CSPs are already on the watch. There was recently a 273% increase in downloader blocks on the CSP side since the appearance of the Flubot Android banker Trojan, according to a Q1 threat intelligence report by Allot on their European customers. The blocks were triggered by Flubot C&C connection attempts, which providers effectively mitigated. That action protected customers from losing sensitive data such as financial information and passwords. As evidenced by Flubot, it is vital to not only detect these incidents but to identify exactly when they occur.

CSPs are equipping themselves with specialized network-based software solutions with monitoring capabilities, in addition to an overall view of traffic passing through their networks. A CSP’s security solution can analyze and compare device behavior with other customers using its network. It becomes an effective means of collecting threat intelligence and crowdsourcing those insights, which can then trickle down through the security products that the CSPs provide customers.

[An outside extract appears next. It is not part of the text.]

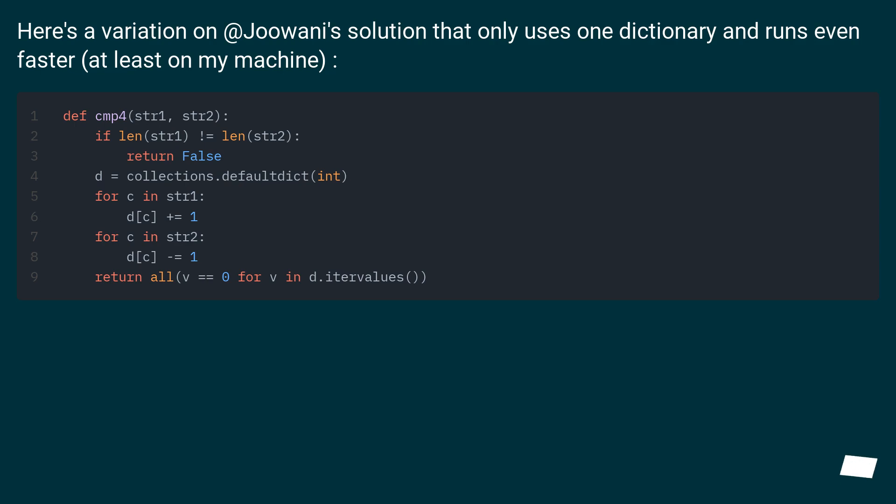Here's a variation on a solution that only uses one dictionary and runs even faster, at least on my machine.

See More: IoT Security: The Elephant in the Room

Rethinking the Security Relationship with CSPs

The threat landscape dictates that we all do more and that CSPs play a role in addressing the problem of piecemeal IoT security. IT admins and security analysts shouldn’t overlook CSPs as a potential partner to manage monitoring and security value-adds fundamental to a safe and secure ecosystem of connected devices. There are efficiency and consolidation benefits from having a partner with massive provisioning infrastructure, and experience scaling installations. There’s an immediate need to be more proactive about IoT security, beginning with selecting vendors and CSPs who are mindful of security and its significance for customers.